Microsoft has warned of a critical vulnerability which has been present in Microsoft’s Windows DNS Server for over 17 years. The vulnerability discovered by Check Point researchers and reported to Microsoft in May could be exploited to gain Domain Administrator privileges and compromise the entire target’s corporate infrastructure.
The vulnerability, dubbed SIGRed, is tracked as CVE-2020-1350. It is a remote code execution flaw, which affects Windows Server versions 2003 to 2019 and can be triggered by a malicious DNS response, which could lead to a heap-based buffer overflow. The flaw has received a CVSS score of 10, which is the maximum rating for a security vulnerability.
“As the service is running in elevated privileges (SYSTEM), if exploited successfully, an attacker is granted Domain Administrator rights, effectively compromising the entire corporate infrastructure,” Check Point explains.
The vulnerability resides in Microsoft’s DNS implementation that can be exploited when the server parses an incoming query or a response for a forwarded request.

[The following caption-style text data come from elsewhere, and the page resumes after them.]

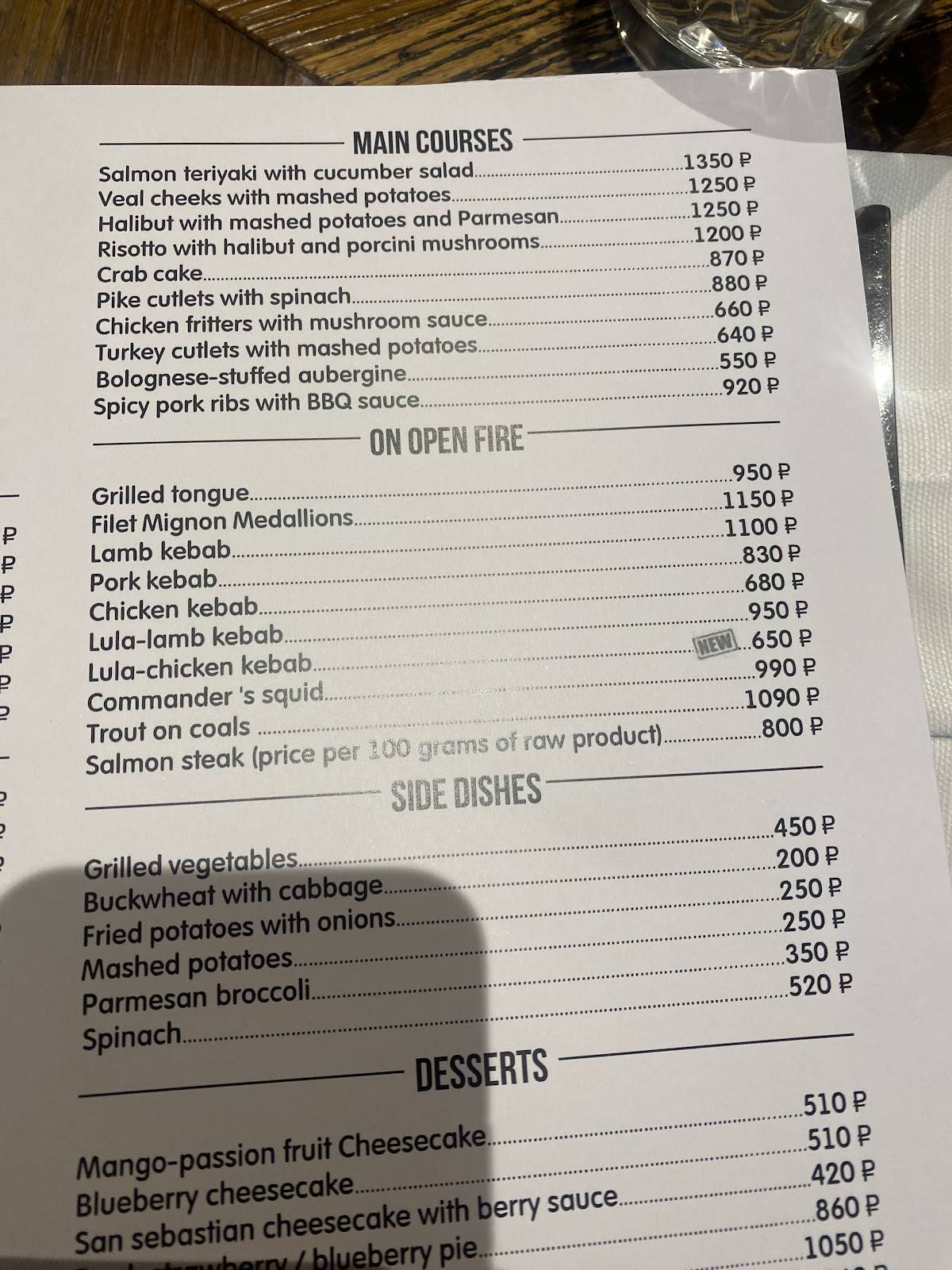Сыроварня меню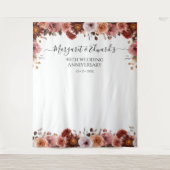 Elke Event Roze en Bordeauxkleurig Bloemen Foto Ac Wandkleed (Voorkant)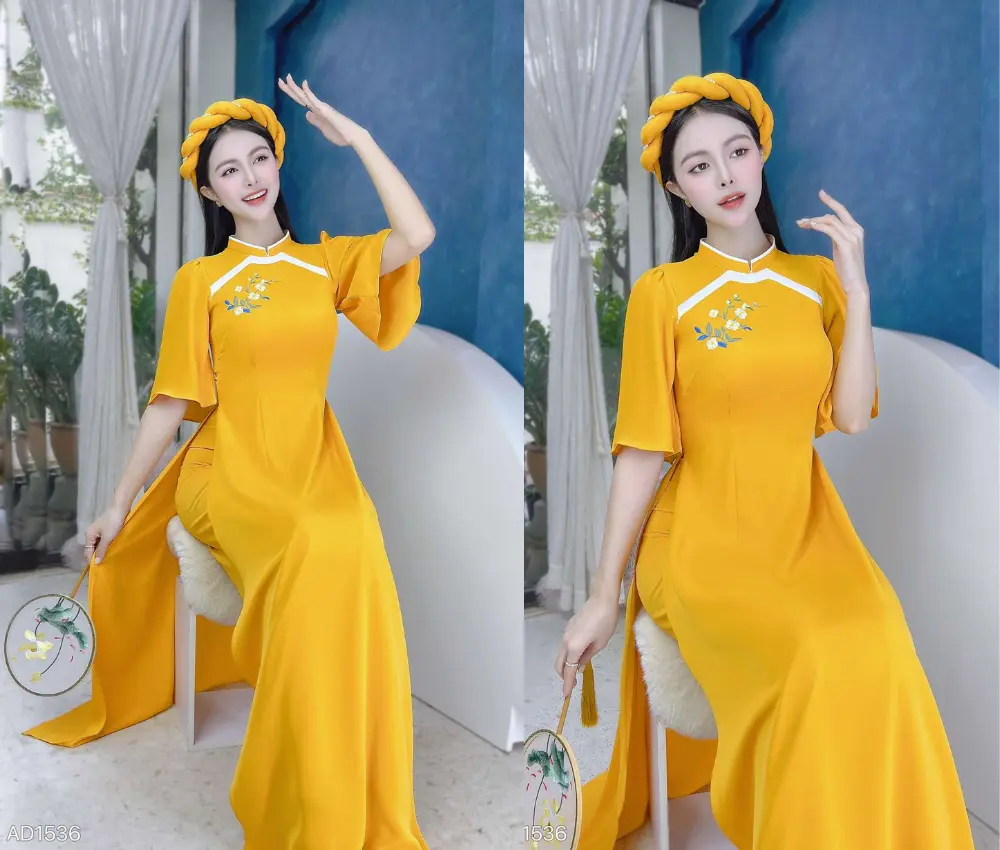 Áo dài tay bèo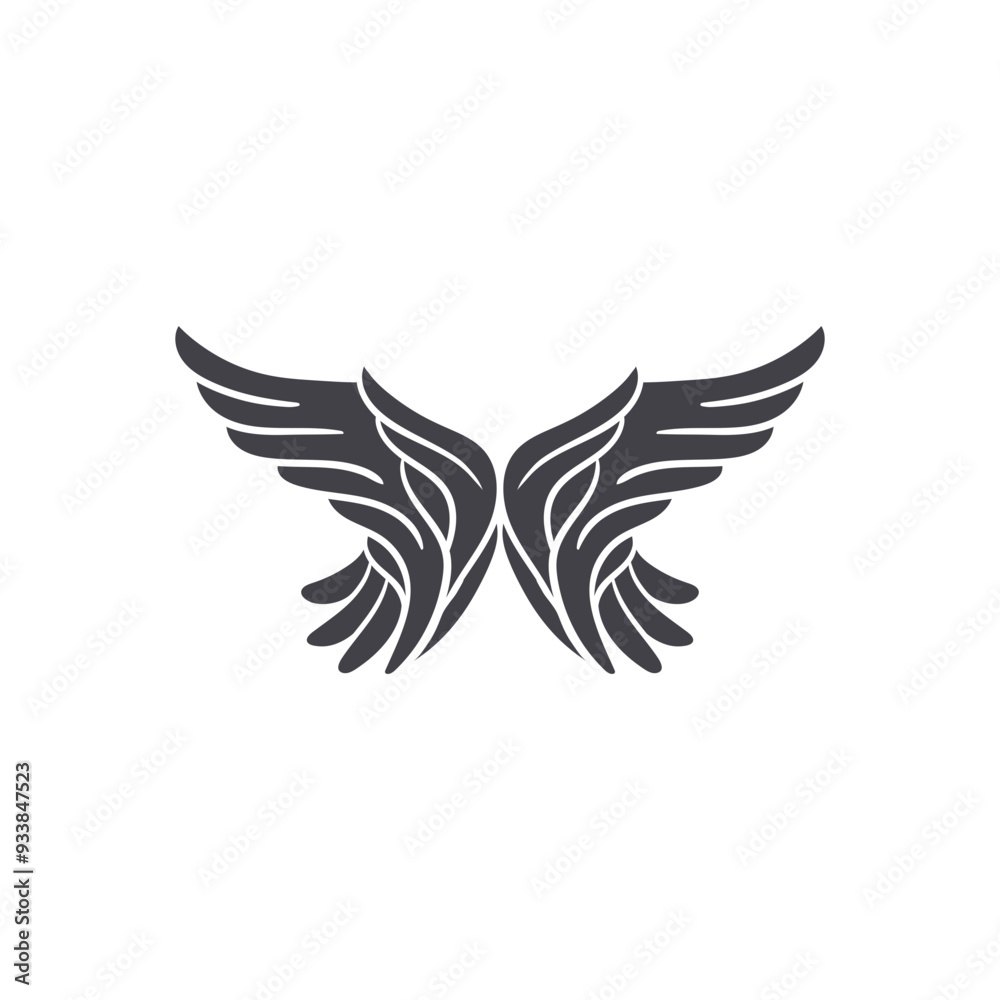 Wings icon collection. Bird wings, angel wings elements. Vector illustration Wings icon collection. Bird wings, angel wings elements. Vector illustration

The researchers found an integer overflow that leads to heap-based buffer overflow in “dns.exe!SigWireRead,” which is the function that parses response types for SIG queries.
“To summarize, by sending a DNS response that contains a large (bigger than 64KB) SIG record, we can cause a controlled heap-based buffer overflow of roughly 64KB over a small allocated buffer,” they said.
The following systems are impacted:
Windows Server 2008 Service Pack 2
Windows Server 2008 Service Pack 1
Windows Server 2012 R2
Windows Server 2019
Windows Server version 1909
The vulnerability has been patched as part of July 2020 Patch Tuesday release. Microsoft said it is not aware of attacks exploiting CVE-2020-1350. July’s Patch Tuesday release also contains security updates for 122 vulnerabilities in various Microsoft products, including fixes for RCE bugs in Microsoft Word, Microsoft Excel, Microsoft Office, Microsoft Outlook, Microsoft Sharepoint, Windows LNK shortcut files, and various Windows graphics components.